The capability for power transfers across two separate distribution grid groups can help balance generation and demand locally, while also unlocking additional capacity under both normal and abnormal network conditions. This can be achieved quicker and at significantly lower financial and environmental cost than the traditional reinforcement method of building new connections from each distribution grid back to the nearest substation. It is estimated that deploying such medium voltage direct current links across the UK would alone release 1.5 GW of capacity by 2050.
Transportable compact substations
For customers who require a substation to fit within a compact footprint or delivered within a fast time-scale to enable the grid connection of new renewable energy assets, ABB has developed customized, factory assembled substation equipment for permanent or temporary installations. These MFMS (Multi-Function Modules) combine in a single product the following functions: High-voltage switchgear; Power transformer; Medium-voltage switchgear; Control and protection.
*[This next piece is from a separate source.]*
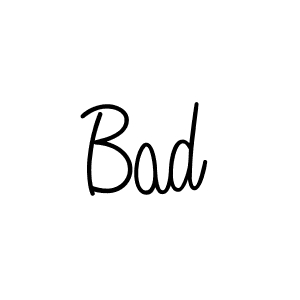 if you are searching for the best signature style for your name Bad. so please give up your signature search. here we have designed multiple signature styles  using Angelique-Rose-font-FFP. Bad signature style 5 images and pictures png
Microgrids – the time has come
Microgrids combine a range of generation sources with energy storage and intelligent load management to provide reliable, economic and environmentally friendly power supplies. They can also be used as black start power or to bolster the grid during periods of heavy demand, especially in providing vital ancillary services such as frequency support.
Grid-connected microgrids can be seamlessly ‘islanded’ from the main grid when needed, for example during periods of peak power grid usage, or during a primary power grid failure. In this mode, the microgrid isolates its local generation and loads from a faulty grid and operates independently for prolonged periods.
The system is controlled through a microgrid control system, such as ABB’s Microgrid Plus System, that can incorporate demand–response so that demand can be matched to available supply in the safest and optimal way. A flywheel- or battery-based grid stabilising system like ABB’s PowerStore may be included to offer real and reactive power support. The microgrid control system provides dynamic control across all the various energy sources, enabling autonomous and automatic self-healing operations.
Integrated ‘fly by wire’ solutions
These technologies offer the most benefit when integrated as part of an over-arching scheme with ABB’s sophisticated control and software solutions – creating what is effectively a ‘fly by wire’ concept. This approach will enable DNOs to plan complex networks more effectively for low-carbon technologies, optimise voltages and power flows to utilise the existing electricity network fully, and balance generation and demand more efficiently – all while increasing the resilience of networks and securing electricity supplies for customers.